Our phones can recognize our faces. Digital watches can detect that we’ve been in an accident. We can put on a virtual reality headset and feel as if we’re swimming with dolphins. With all this technological innovation, why are home printers still so frustrating? This article explains why and how to make the most of the situation.
Hewlett-Packard released its home DeskJet inkjet printer in 1988. These printers spray liquid ink onto the page through printheads. Home laserjet printers followed shortly after. They use lasers to create static electricity to attract and melt toner onto the paper.
And here we are, thirty-five years later, with pretty much the same printer technology. Although now, you might also consider a multifunction (all-in-one) printer. These print documents and can often also scan, copy, fax, and email documents.
But we're still saddled with clogged inkjets and leaking ink cartridges, plus paper jams, or a printer that can’t recognize the paper that you’ve now taken in and out of the tray 16 times in a row. Why?
Manufacturer priorities for printers
Printer manufacturers often lose money selling you the printer. Printer technology is quite complicated, but you’re getting the device for the price of parts. That’s because the manufacturer banks on making their money back on the sale of the ink.
Because they’re looking to make money off ink sales, printer users now endure:
- ink cartridges that run out quickly – yes, they’re putting less ink in their cartridges these days;
- printers designed not to work as well if you use off-brand cartridges;
- having to perform printer maintenance that uses up more ink.
Even if you do invest in top-quality, on-brand ink, you could still encounter problems. Connectivity issues or error messages when you change paper are common.
That’s because the internal workings of the printer can be outsourced to the lowest bidder. Printer longevity is not the goal, so there’s less incentive to develop robust networking components or print drivers.
Plus, printing is hard
It’s not all down to printer manufacturer choices. Printing is a complicated process. Many moving parts need fine-tuning to apply the right pressure and position the ink. Plus, people could be using glossy photo paper one minute and recycled paper the next. At the same time, humidity or air that is too dry can also impact the paper and how the printer can move it around.
So, what can you do?

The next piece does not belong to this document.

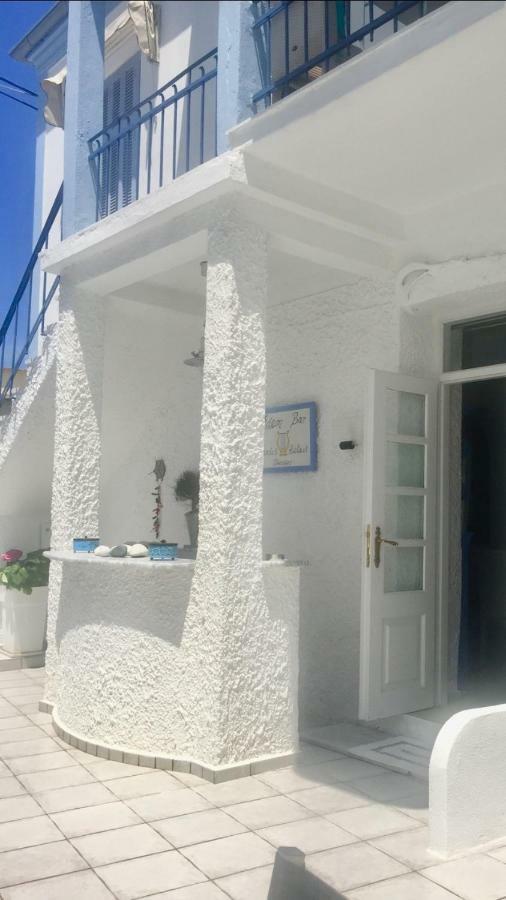 Vila Kyano House Limenas  Exteriér fotografie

Prefer a laser printer, which uses dry powder, if you’re going to print mostly in black and white. You’ll pay more upfront, but you’re no longer hostage to the ink-cartridge dilemma. If you need to do color prints, you might find it’s cheaper to actually go to your local print shop or big-box store.
If your Wi-Fi connectivity conks out, connect the USB cable that shipped with the printer. It may not be as pretty, but it will get the job done.